“It is easy to see the beginnings of things, and harder to see the ends.”
~ Joan Didion
15 was a good age, one of the best for me. It was the age of adventure, dreams, and above all, friendship.
When I was a teenager, I had a few close girlfriends who made up—basically—my whole world. They were slightly older than I was and in my mind they were bad asses—I tried to emulate them.
They taught me to stick up for myself and to question authority. They taught me that life wasn’t all about getting good grades and creating a resume for college applications. They brought me to my first parties and skip days.
I saw them as family, as the big sisters I’d wished for as a little girl.

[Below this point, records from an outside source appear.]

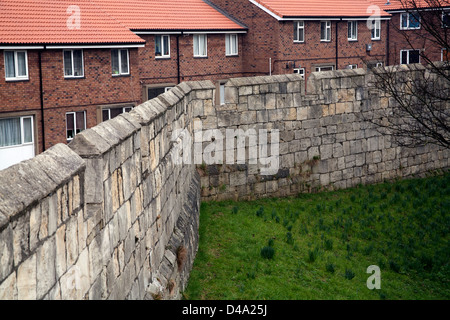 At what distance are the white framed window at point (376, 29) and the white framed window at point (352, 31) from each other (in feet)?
6.96

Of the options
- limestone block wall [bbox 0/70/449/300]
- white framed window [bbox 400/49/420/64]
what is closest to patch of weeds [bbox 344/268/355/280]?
limestone block wall [bbox 0/70/449/300]

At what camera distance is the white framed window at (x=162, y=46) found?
28.7 metres

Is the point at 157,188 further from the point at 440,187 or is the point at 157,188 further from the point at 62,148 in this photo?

They were there to listen to the excitement of my first kiss, my first crush, and the stories of every hope and heartbreak a girl has at 15.
They were there for everything.
Then, in what seemed like an instant, they were gone. Each graduated high school and went off to college, leaving me alone in my small town to fend for myself and figure out my own way. This was my first real experience coping with loss.
For a long time—more than 10 years—I thought they would return. I thought that even though we’d lost touch quite quickly after they left, memories of the times we’d shared together would bring them back to me. I knew one day I would find them or they would find me.
Then over a decade after I lost them, one day the magic of the Internet brought them back to me.
Now that we were in our 20s and free to do whatever we wanted, I imagined we would relive all the crazy things we did as girls—as women—and do the things we’d always dreamed of together. I expected to feel that same connection we shared as teens.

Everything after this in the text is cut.